By “augmenting human intellect” we mean increasing the capability of a man to approach a complex problem situation, to gain comprehension to suit his particular needs, and to derive solutions to problems…

[We seek] more-rapid comprehension, better comprehension, the possibility of gaining a useful degree of comprehension in a situation that previously was too complex, speedier solutions, better solutions, and the possibility of finding solutions to problems that before seemed insoluble… (p. 1)

ingimp.jpg

Fig. 1: ingimp is an instrumented version of the GNU Image Manipulation Program. ingimp automatically collects and transmits usage data to a public web server, where anyone can download and analyze the data.

Research in creativity support tools continues in this spirit, with a specific focus on designing tools that not only enable people to better solve problems , but to do so in a way that produces truly original, creative results.

Numerous computational tools have been developed to support the creative process, but the research community still wrestles with two fundamental questions [14]: What is important in the design of a creativity support tool, and how can these tools be properly evaluated? This paper focuses on the latter problem of evaluating creativity support tools.

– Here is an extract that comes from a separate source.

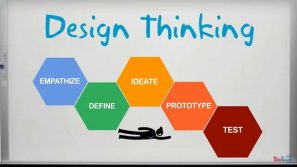 design thinking road map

Evaluating creativity support tools presents significant challenges due to the nature of the process itself: It is difficult to measure creativity, much less a tool’s impact on the creative process. Creative endeavors also typically occur within well established, interconnected systems of people, tools, and practices. Thus, while short-term tests of proof-of-concept tools can show the promise of a tool, it is difficult to understand how a new tool will integrate into the larger creative problem solving system. Longitudinal studies are an obvious way to explore these issues, but it is costly to move a research system from a proof-of-concept to a production-quality system that can truly integrate with real-world problem solving environments.

This paper proposes mature open source software as a means for evaluating creativity support tools in meaningful, real-world contexts. Specifically, we propose grafting creativity support tools onto existing end-user applications to understand how well novel tools integrate with existing work practices. Using our work designing and deploying ingimp [17], an instrumented version of the open source application GNU Image Manipulation Program (GIMP) [8], we demonstrate the feasibility of this approach, discuss issues relevant to researchers considering this tack, and enumerate particular advantages to evaluating research tools within existing, mature open source applications.

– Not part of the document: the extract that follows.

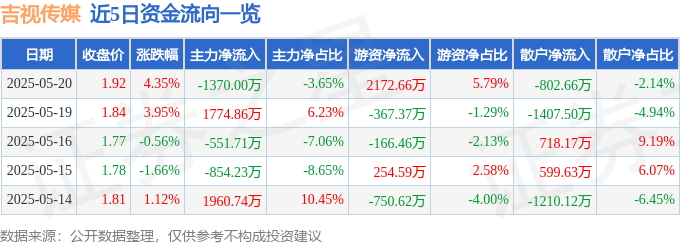 吉视传媒520股情：資金暗湧、營收挑戰與後市分析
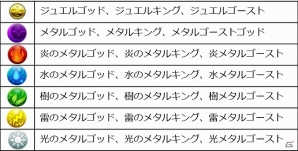 iOS/Android「ブレイブ フロンティア」プレイヤー数が100万人を突破！10日連続ダイヤプレゼント＆絆パレードが11月1日より開催の画像4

The rest of this paper is structured as follows. First, we define the concept of a creativity support tool and review the various classes of these tools. Next, we consider the challenge of evaluating creativity support tools and suggest the need for long-term evaluations. We then propose open source software as a means by which one can conduct longitudinal studies of creativity support tools. We discuss the advantages to this approach, describe how we are exploring this method via ingimp, and reflect on the feasibility of this approach by conveying our experiences deploying ingimp to the public. We conclude with directions for future work.

2. Background

2.1 Classes of Creativity Support Tool

In his article exploring ways to support innovation, Shneiderman enumerates eight ways that computers can assist creative processes [13]. For example, computers can assist with “what if?” explorations or by provide visualizations to aid comprehension of data. From these eight activities, as well as a consideration of prior work in creativity support tools, we can consider seven general categories of creativity support tools, each of which we describe in turn:

  1. Autonomous creative tools
  2. Creative activity tools
  3. Domain-specific tools with creativity scaffolding
  4. Domain-specific tools with limited or no scaffolding
  5. Domain-independent process support tools
  6. Computer-supported collaborative work (CSCW) tools
  7. Research tools

Autonomous creative tools are intended to be independently creative, yielding creative results with little-to-no human intervention required. Cohen’s Aaron is an example of an autonomous creative tool [11]: Aaron creates new, original paintings with few demands placed on a human. In the strictest sense, these applications are not truly creativity support tools since they are designed to work autonomously (rather than in conjunction with one or more individuals). We mention them here only to say they fall outside the scope of this paper.

Creative activity tools are tools designed to support activities intended to help people be more creative. Brainstorming and concept mapping are both examples of activities intended to help foster creative thinking about a problem. Creative activity tools explicitly support these practices and can help structure them.

Domain-specific tools with creativity scaffolding are tools designed to create and manipulate domain-specific data, with additional support to help individuals reach creative outcomes faster and more reliably. For example, Final Draft [6] provides a suite of tools to assist with screenwriting, including a set of templates to help with the initial structuring of a story. MasterWriter [10] provides a set of tools useful for songwriters, including a rhyming dictionary, alliteration dictionary, and pop-culture dictionary. These dictionaries cater to common creative practices of songwriters, thus aiding creative practices, rather than simply providing tools to create and edit content.

Domain-specific tools with limited or no scaffolding, on the other hand, do not provide tools to explicitly scaffold creative practices, but do provide tools to work with data at high levels of abstraction. At first, this capability may seem to have little to do with the creative process. However, working with data at greater levels of abstraction frees one to think about high-level details and goals. For example, Photoshop [1] provides a wide range of general-purpose tools to manipulate bitmap images, where one can think about operations on these images in high-level terms, such as adjusting an image’s brightness and contrast, rather than in terms of the formulae necessary to manipulate each pixel in the desired fashion.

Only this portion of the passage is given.